Une fois, lorsque Saül avait épargné le butin d'une ville condamnée, ainsi que son monarque, ce dernier vint voir Samuel, non pas en tant que criminel, mais avec délicatesse, comme un ami choyé. Et Samuel dit : « Comme ton épée a rendu les femmes sans enfants, ta mère sera sans enfant parmi les femmes. Et Samuel fit passer Agag au fil de l'épée devant le Seigneur. » C'est ainsi que nous avons épargné trop de nos péchés, au risque d'être irrémédiablement rejetés du trône de la véritable virilité et de la justice. Combien il vaut mieux laisser le Christ accomplir Son œuvre d'amputation et d'excision ! Si nous ne nous connaissons pas nous-mêmes, demandons-Lui de nous sonder. Si nous ne pouvons pas couper le membre offensant, tournons-nous vers lui pour qu'il nous en débarrasse.
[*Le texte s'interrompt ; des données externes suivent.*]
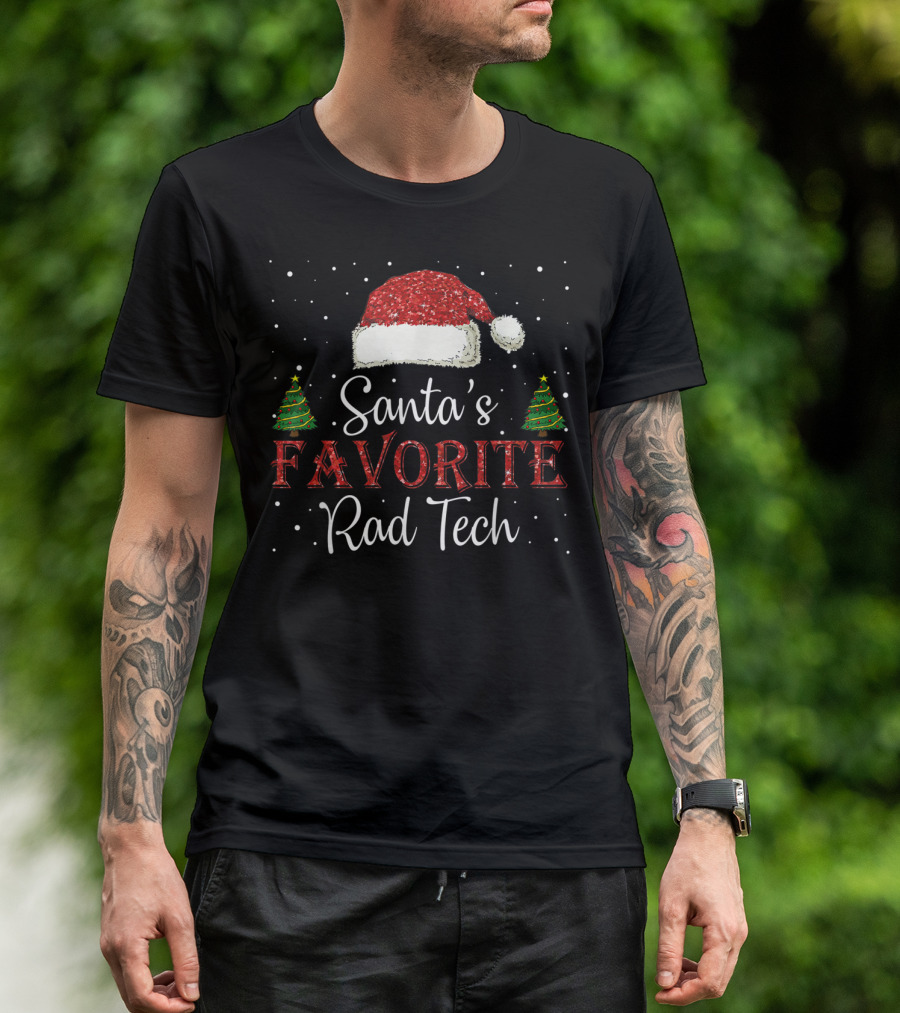 Santa's Favorite Rad Tech Christmas Santa Hat Snowflakes Trees T-Shirt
Ne le craignons pas ; après ces paroles terribles, comme le son des cloches après le fracas de la tempête sur l'orgue de Fribourg, on nous dit qu'« Il a été tenté en tout point comme nous » et que « nous n'avons pas un grand prêtre qui ne puisse compatir à nos faiblesses ». « Chante-t-elle bien ? » demanda le professeur d'une nouvelle chanteuse d'opéra. « Magnifiquement », répondit-il, « mais si je devais la faire débuter, je commencerais par lui briser le cœur ». Il voulait dire que celui qui n'avait pas été brisé par le chagrin ne pouvait toucher les cordes les plus profondes de la vie humaine. Ah ! cela n'est pas nécessaire avec notre Seigneur Jésus ; le reproche lui a brisé le cœur. Il comprend les cœurs brisés et est capable d'apaiser et de sauver tous ceux qui viennent à Dieu par lui.